Session Ready
Exercise

Most frequent 3-tuples per chapter

We will now use a query as a subquery in a larger query. Spark SQL supports advanced features of SQL. Previously you learned how to find the most common word sequences over an entire book having 12 chapters. Now you will obtain the most frequent 3-tuple for each of the 12 chapters. You will do this using a window function to retrieve the top row per group.

There is a table having columns word, id, chapter.

  1. The chapter column corresponds to the number of a chapter.
  2. The word column corresponds to a single word in the document.
  3. The id column corresponds to the word position in the document.
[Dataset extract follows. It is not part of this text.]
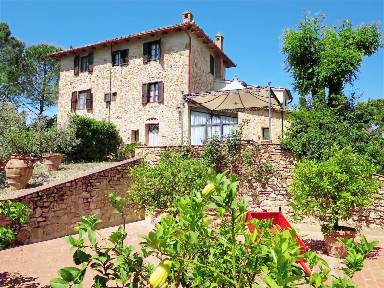 140 m² Farmhouse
We also have the following query:

subquery = """
SELECT chapter, w1, w2, w3, COUNT(*) as count
FROM
(
    SELECT
    chapter,
    word AS w1,
    LEAD(word, 1) OVER(PARTITION BY chapter ORDER BY id ) AS w2,
    LEAD(word, 2) OVER(PARTITION BY chapter ORDER BY id ) AS w3
    FROM text
)
GROUP BY chapter, w1, w2, w3
ORDER BY chapter, count DESC
"""
spark.sql(subquery).show(5)
+-------+---+-----+----+-----+
|chapter| w1|   w2|  w3|count|
+-------+---+-----+----+-----+
|      1| up|   to| the|    6|
|      1|one|   of| the|    6|
|      1| in|front|  of|    5|
|      1| up|  and|down|    5|
|      1| it|  was|   a|    5|
+-------+---+-----+----+-----+
only showing top 5 rows

From this table you can determine that the first row of the desired result will be:

+-------+---+-----+----+-----+
|chapter| w1|   w2|  w3|count|
+-------+---+-----+----+-----+
|      1| up|   to| the|    6|
+-------+---+-----+----+-----+

Your task is to use subquery as a subquery in a larger query to obtain the most frequent 3-tuple per chapter. The desired result will have the same schema, but having one row per chapter. Use ROW_NUMBER() to obtain the row number per row per chapter.

Instructions
100 XP
  • Get the most frequent 3-tuple per chapter.